Kan Yan <kyan@xxxxxxxxxx> · Fri, 8 Nov 2019 17:22:38 -0800

It is most likely just insufficient locking. active_txq_lock is per
AC, can't protect local->aql_total_pending_airtime against racing
conditions:
void ieee80211_sta_update_pending_airtime(...)
{
        spin_lock_bh(&local->active_txq_lock[ac]);
        ...
        local->aql_total_pending_airtime -= tx_airtime;
        ...
        spin_unlock_bh(&local->active_txq_lock[ac]);
}

After changing it to atomic_t, no more aql_total_pending_airtime
underflow so far :).

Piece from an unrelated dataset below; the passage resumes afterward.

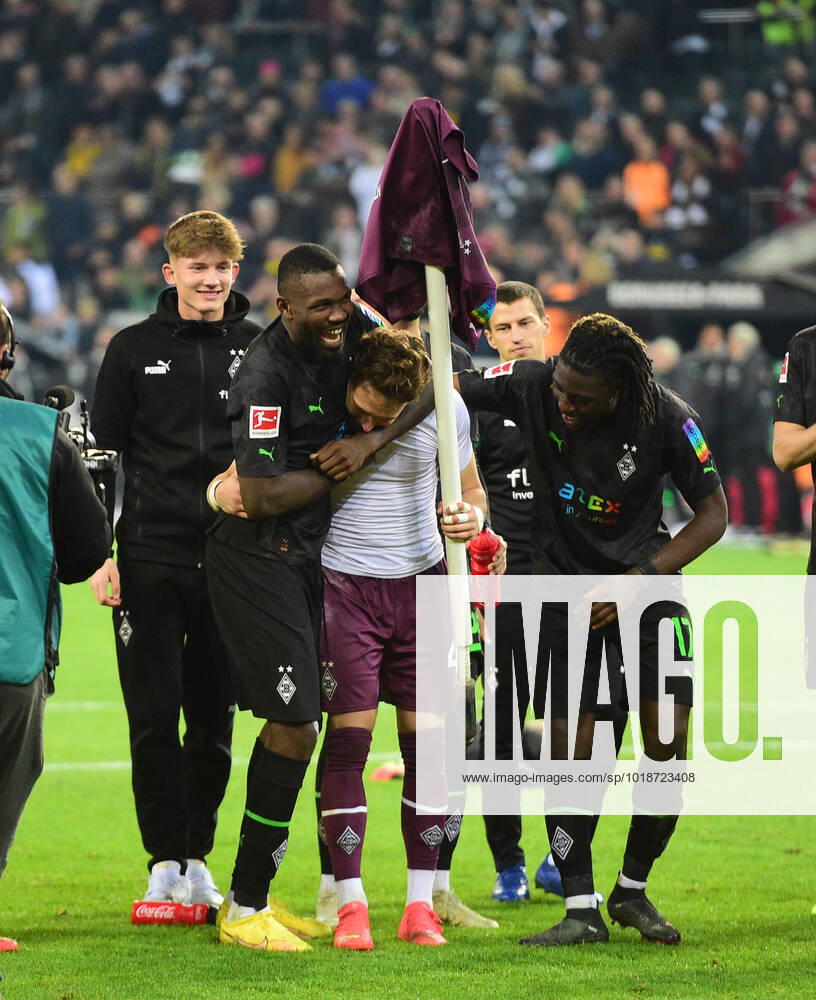 Moenchengladbach Football, Men, 1 Soccer Bundesliga, Season 2022 2023, Borussia Moenchengladbach vs Borussia Dortmund Marcus Thuram Gladbach, center left is happy after the game with goalkeeper Jan Olschowsky Gladbach, center right DFL regulations prohibit any use of photographs as image sequences and or quasi video Borussia Park NRW Germany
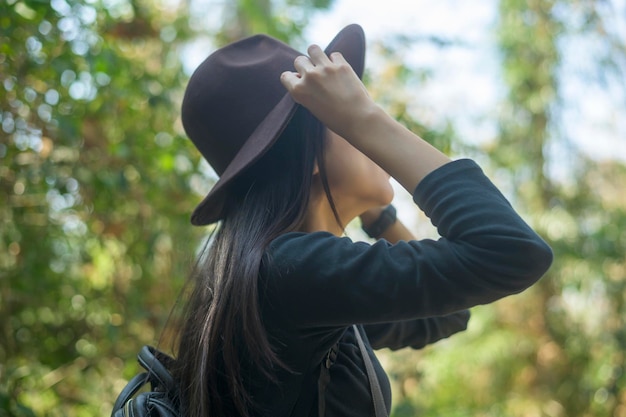 Una mujer joven haciendo senderismo y disfrutando de las vacaciones en el bosque y el concepto de viaje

Using atomic operation should also help reduce
CPU overhead due to lock contention, as
ieee80211_sta_update_pending_airtime() is often called from the tx
completion routine triggered by interrupts, often in a different core
than where __ieee80211_schedule_txq() is running.

I will post a new version a bit later if the test goes well.

Regards,
Kan

On Fri, Nov 8, 2019 at 3:17 AM Johannes Berg <johannes@xxxxxxxxxxxxxxxx> wrote:
>
> On Fri, 2019-11-08 at 12:10 +0100, Toke Høiland-Jørgensen wrote:
>
> > Right, bugger. I was thinking maybe there's a case where skbs can be
> > cloned (and retain the tx_time_est field) and then released twice?
>
> They could be cloned, but I don't see how that'd be while *inside* the
> stack and then they get reported twice - unless the driver did something
> like that?
>
> I mean, TCP surely does that for example, but it's before we even get to
> mac80211.
>
> > Or
> > maybe somewhere that steps on the skb->cb field in some other way?
> > Couldn't find anything obvious on a first perusal of the TX path code,
> > but maybe you could think of something?
>
> No, sorry. But I also didn't actually look at the driver at all.
>
> > Otherwise I guess we'll be forced to go and do some actual,
> > old-fashioned debugging ;)
>
> :)
>
> johannes
>